Landlord and Tenant (Amendment) Act, 1980

Restrictions on right to compensation for improvements.

[New in pt. cf. 1931, s. 17]

54.—(1) A tenant shall not be entitled to compensation for improvements in respect of an improvement made before the passing of the Act of 1931 in contravention of the lease or other contract of tenancy under which the tenement was held.

(2) A tenant shall not be entitled to compensation for improvements in respect of an improvement made after the passing of the Act of 1931 (whether before or after the commencement of this Act) unless a notice under section 12 (1) of the Act of 1931 or an improvement notice was served or, where no such notice was served, if the landlord, or where appropriate, a superior landlord, satisfies the Court that—

(a) he has been prejudiced by the notice not having been served, or

(b) the improvement is in contravention of any covenant contained in the contract of tenancy, or

(c) the improvement injures the amenity or convenience of the neighbourhood.

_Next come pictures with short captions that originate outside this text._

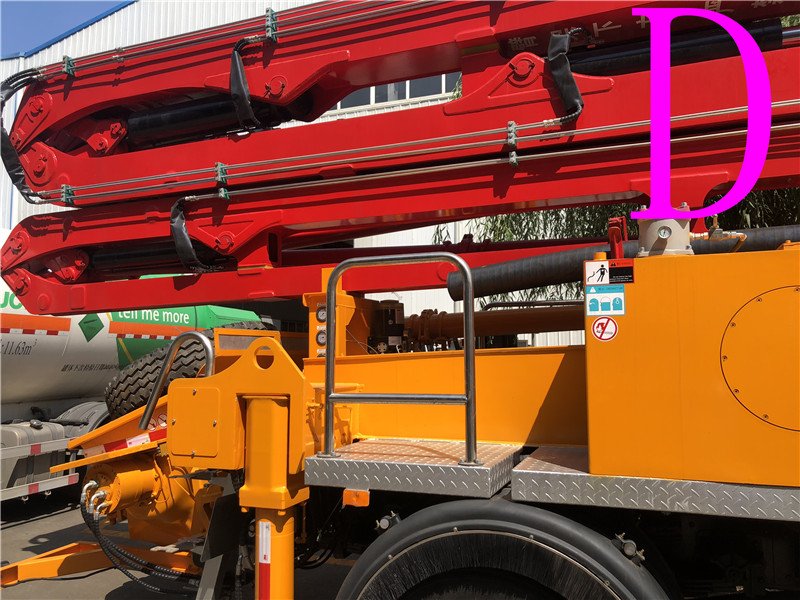 青島小（xiǎo）型混凝土泵車價格 (2)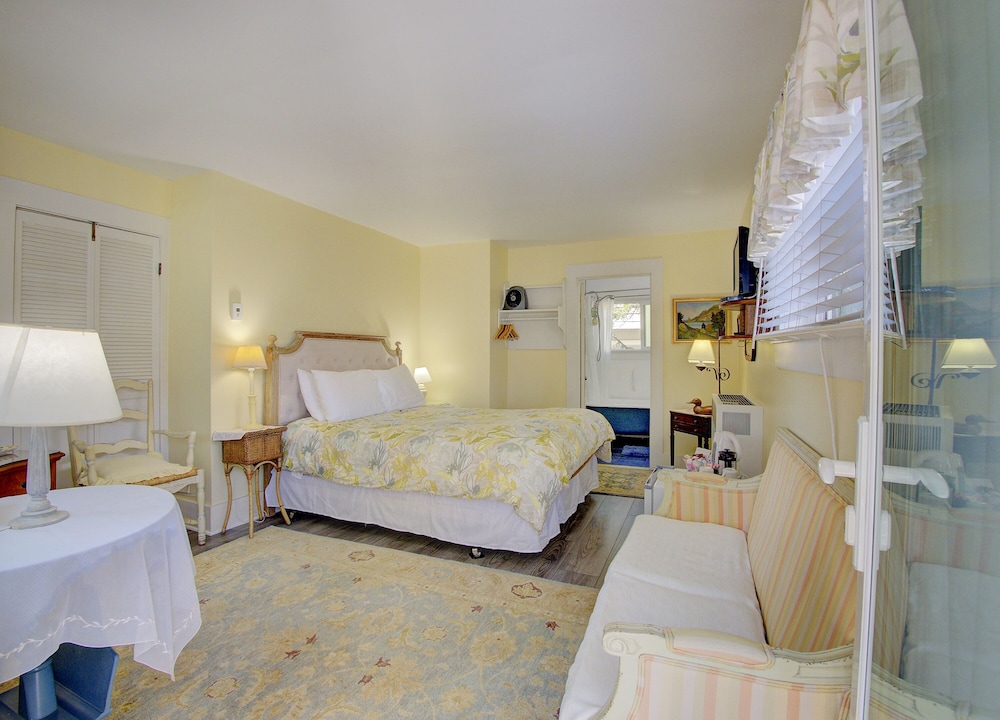 Secret Garden Inn and Cottages - photo 21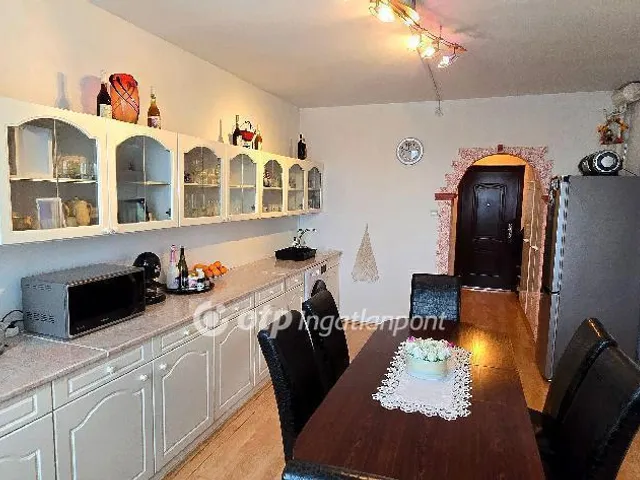 Eladó lakás Debrecen, Újkert 72 nm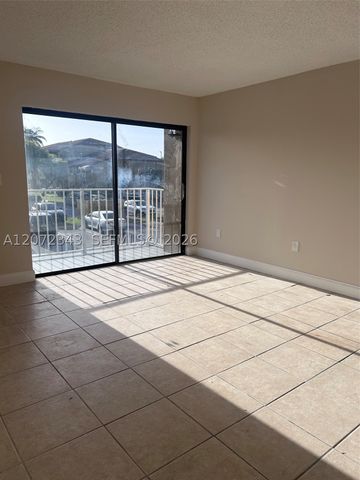 15630 SW 80th St I-203, Miami, FL 33193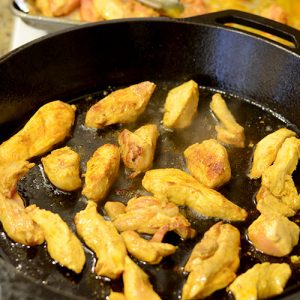 Chix in skillet 500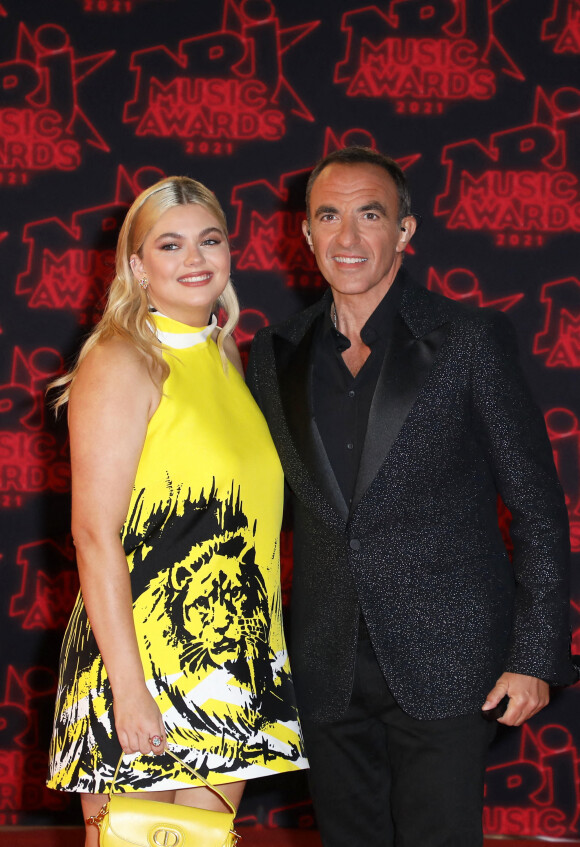 Nikos Aliagas et Louane Emera lors de la 23ème édition des NRJ Music Awards 2021 au Palais des Festivals de Cannes, le 20 novembre 2021. © Dominique Jacovides/Bestimage 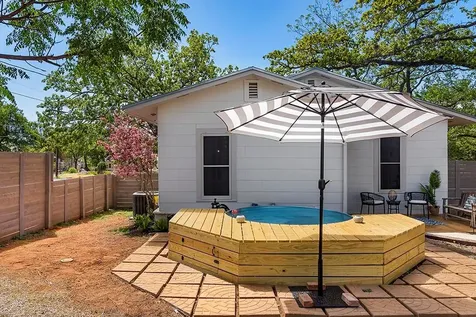 510 N Orange Street Fredericksburg TX 78624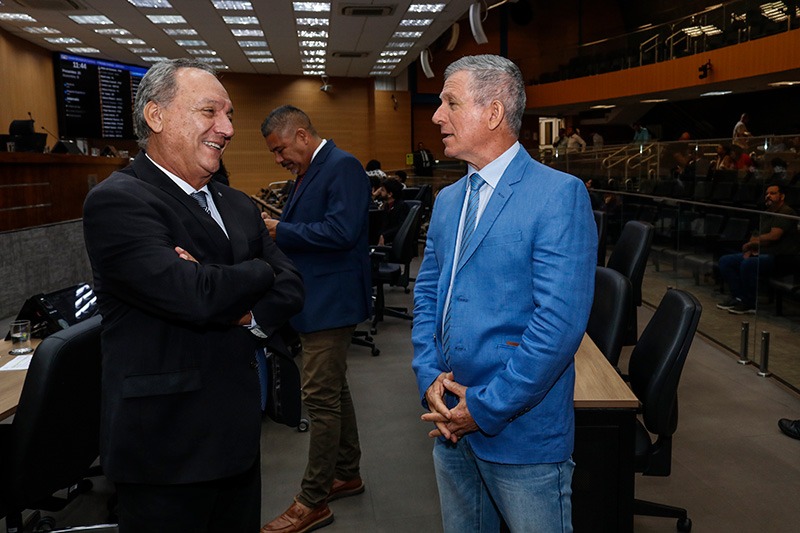 Plenário analisa pedido de concessão de títulos de Cidadão Campineiro ao levantador Bruninho e ao técnico Horácio Dileo, do Vôlei Renata-Campinas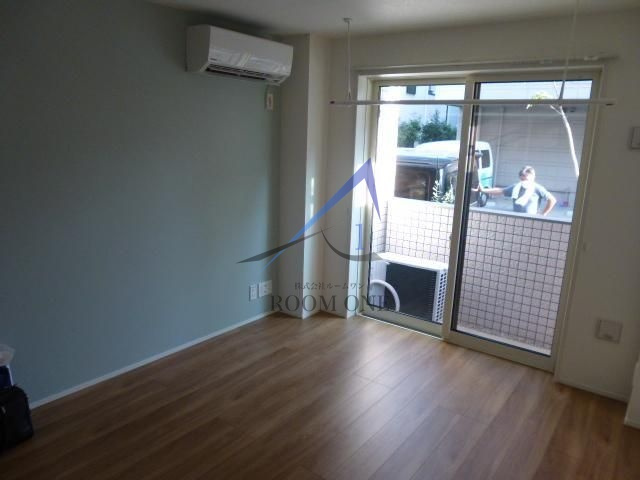 ブラン目黒本町の居間・リビング|洋室のお部屋です。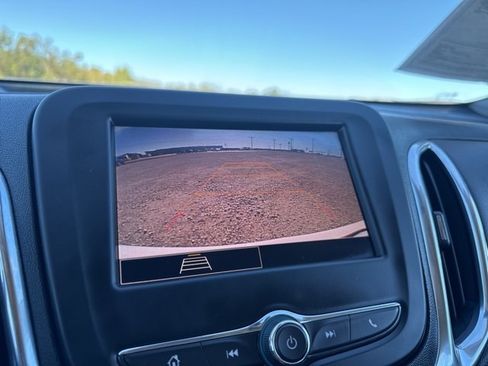 Used 2024 Chevrolet Equinox LT image 16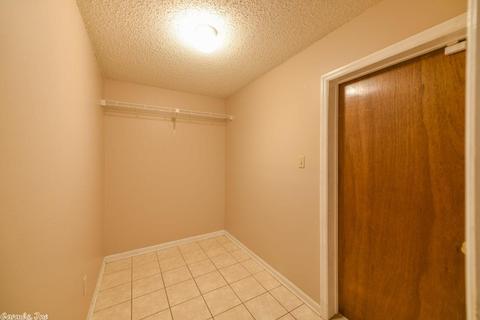 39 Oak Forest Loop, Maumelle, AR 72113 photo 6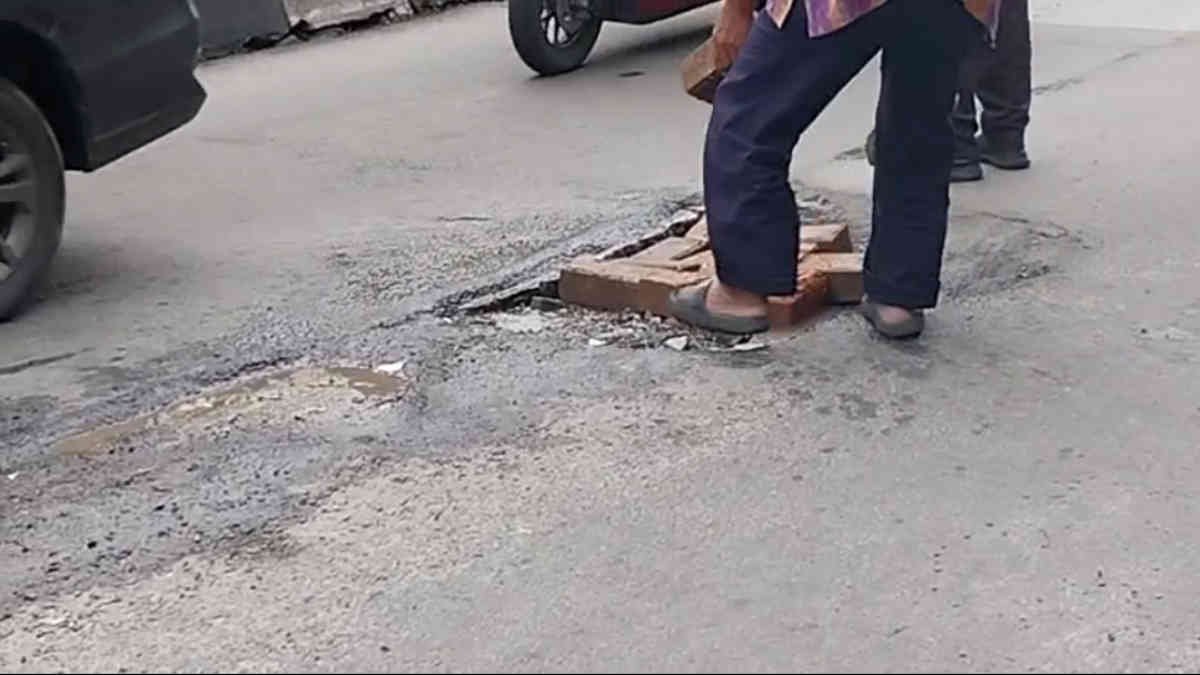 Aspal Ambruk, Janji Mulus: Bekasi Kalah oleh Hujan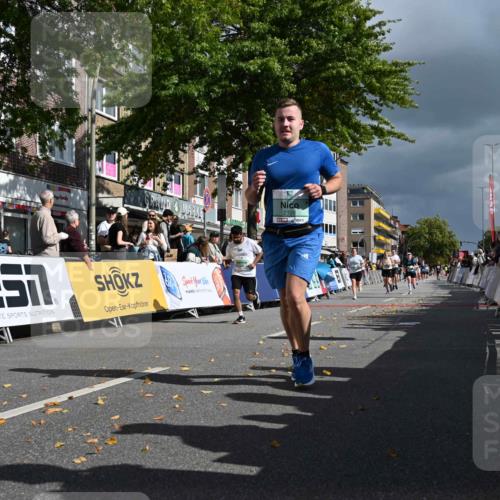 20.09.2026 - PSD Bank Halbmarathon J. Mangold http://msf.ph/oto/10536767 20.09.2026 12:28:33 Ziel 1307, 1349, 1434, 1938, 1974, 2126, 2731, 2849, 2961, 3032, 3925 meine-sportfotos.de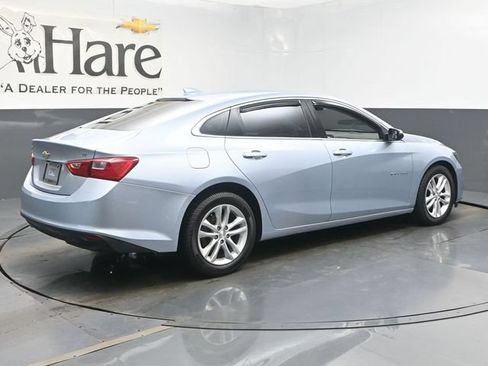 Used 2017 Chevrolet Malibu LT FWD image 47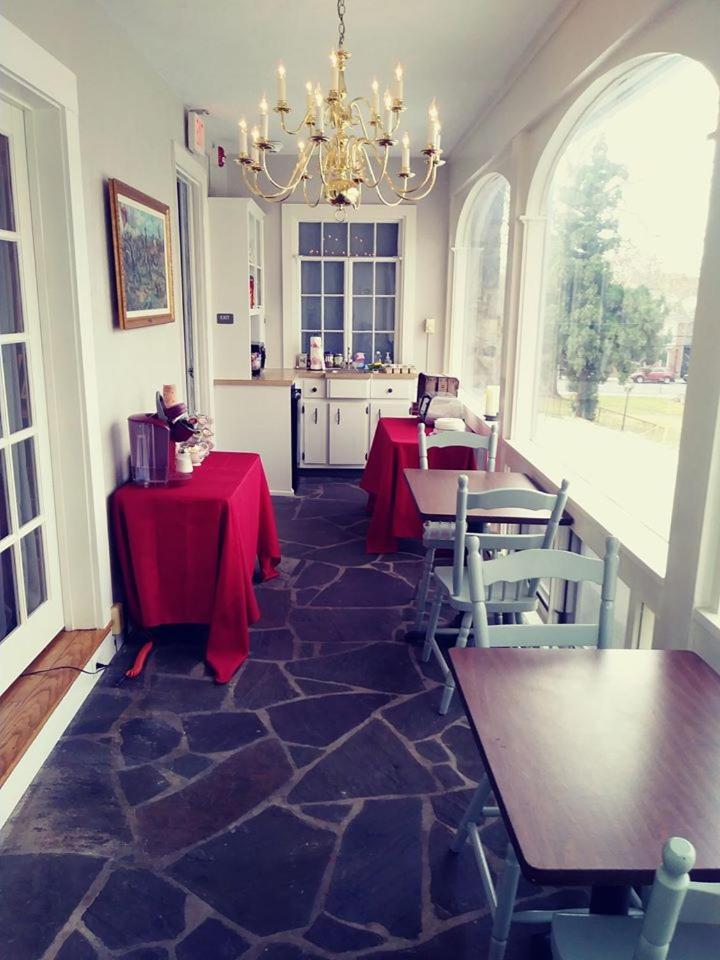 Sleepy Hollow Manor photo 9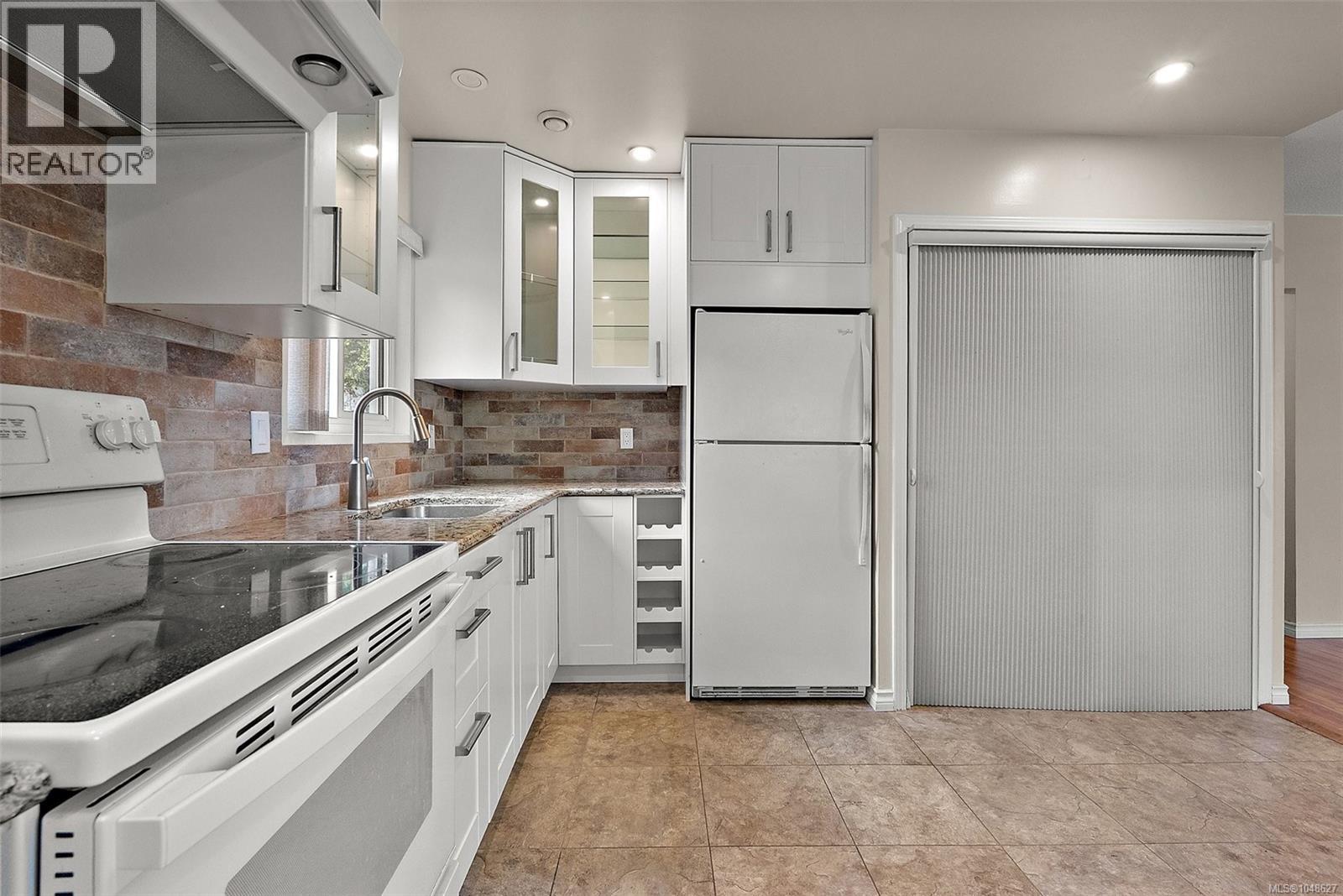  3167 Irma Street, Victoria
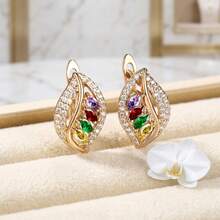 1 paire de boucles d'oreilles clips de luxe en forme de goutte d'eau avec pierres décoratives multicolores et œil de cheval, incrustées de zircone cubique synthétique brillante, style feuille ajourée, boucles d'oreilles de mariage, cadeau d'anniversaire et de fête, convient aux femmes élégantes et professionnelles, approprié pour les mariages, les galas, les anniversaires et les occasions professionnelles - Doré - Voir 12
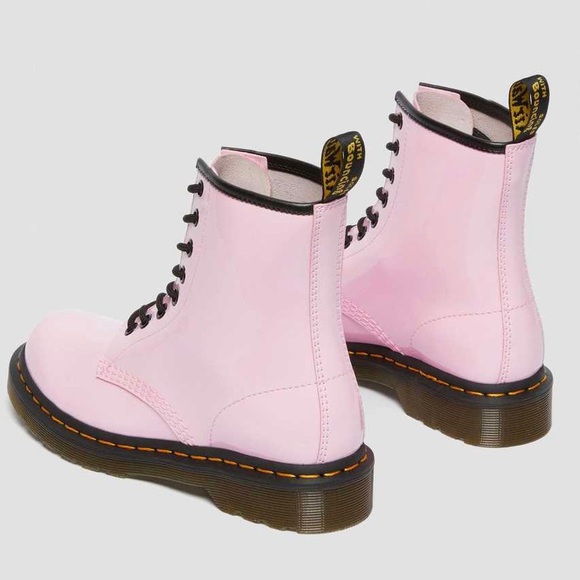 DR MARTENS 1460 W Patent Leather Lace Up Boots in Pale Pink Women's 9 NIB - Picture 4 of 16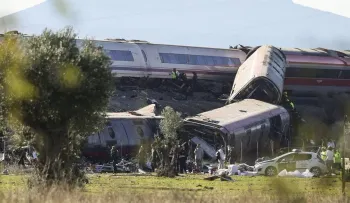 Al menos 30 muertos tras chocar dos trenes de pasajeros en Toledo, España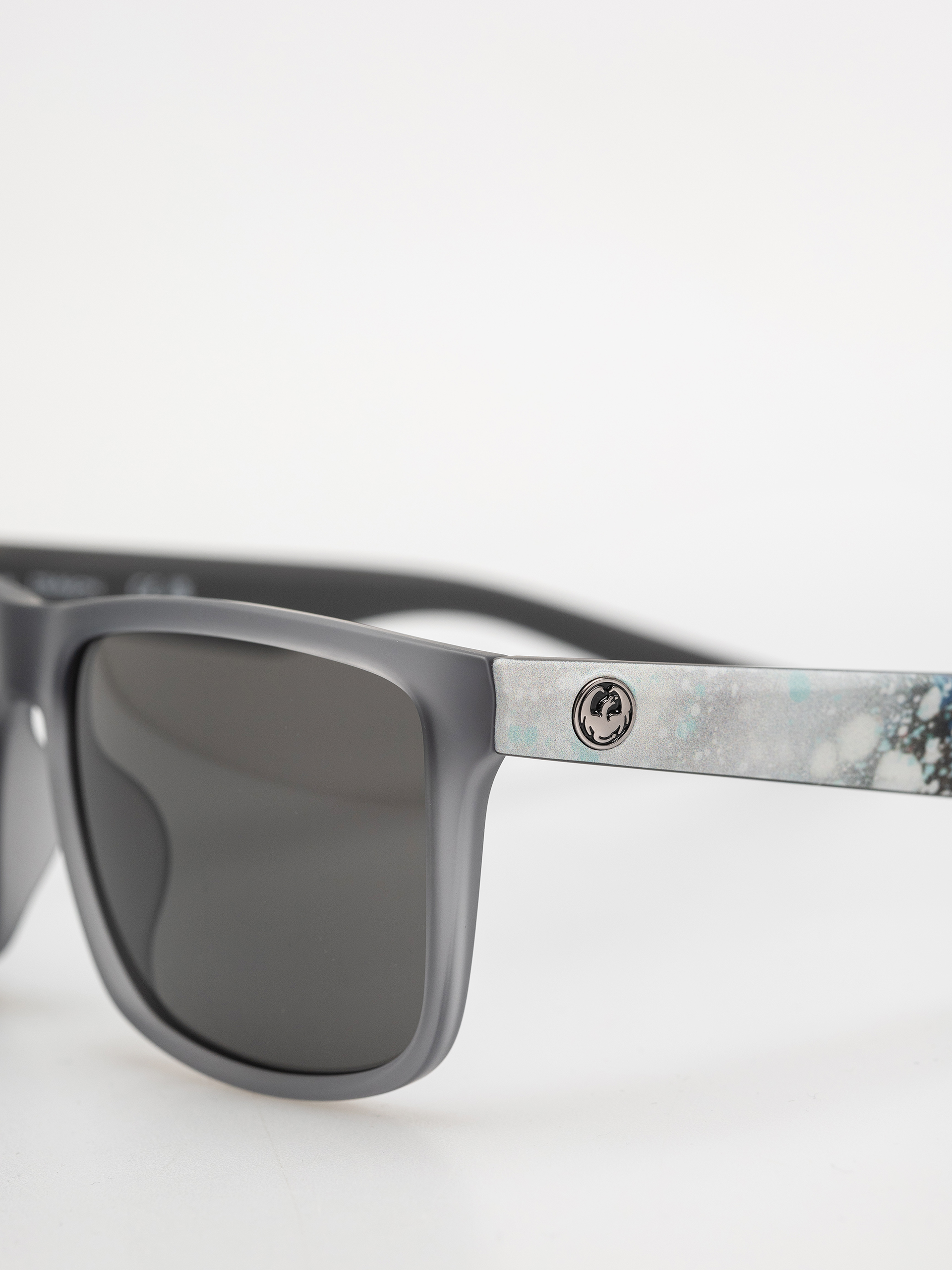 Dragon Meridien Sunglasses (grey/iguchi/ lumalens smoke)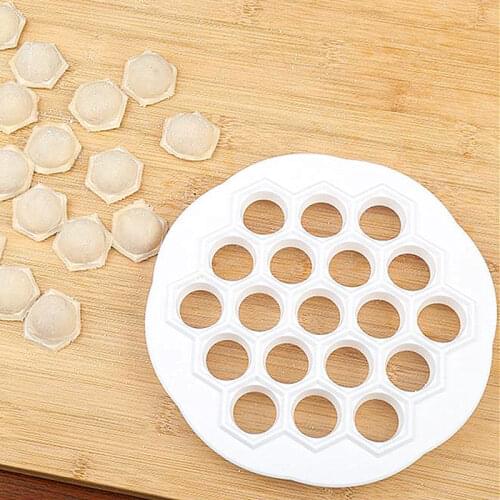 Dumpling Mould Plastic Ravioli Maker Kitchen Gadget Ravioli Maker Dumplings Maker Meat Dumplings DIY Maker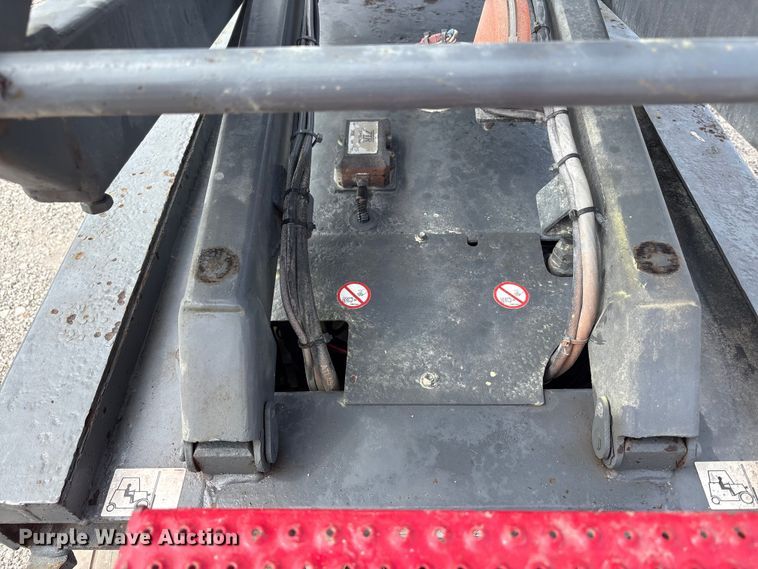 image for item EC4416 2016 Skyjack SJIII 3219 scissor lift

(3) A landlord shall not be entitled to compensation for improvements in respect of an improvement made after the passing of the Act of 1931 (whether before or after the commencement of this Act) in respect of which a notice under section 12 (1) of the Act of 1931 or an improvement notice was served unless the notice or a copy thereof was served under section 12 (3) of the Act of 1931 or under section 48 (4) of this Act or, where no such notice was served, if the superior landlord satisfies the Court that—

(a) he has been prejudiced by such service not having been effected, or

(b) the improvement is a contravention of any covenant in the contract of tenancy under which the landlord holds the tenement, or

(c) the improvement injures the amenity or convenience of the neighbourhood.

(4) Neither subsection (2) nor (3) applies to an improvement which is—

(a) a work in relation to which section 17 (5) of the Act of 1931 applied, or

(b) any other work executed in pursuance of an order of a sanitary authority under the Local Government (Sanitary Services) Acts, 1878 to 1964, or of a housing authority under the Housing Act, 1966 ,

but the tenant shall not be entitled to compensation in respect of such work unless—

(i) in the case of a work specified in paragraph (a), the tenant served on the landlord a notice under section 13 (1) of the Act of 1931 and became entitled under that Act to execute the work as an improvement, or

(ii) in the case of a work specified in paragraph (b), the tenant served on the landlord a work notice in respect of the work and became entitled under this Act to execute the work as an improvement:

Provided that the failure to serve notice shall not deprive the tenant of his right (if any) to compensation in respect of the work if the tenant satisfies the Court that the landlord did not suffer loss or damage by reason of the failure.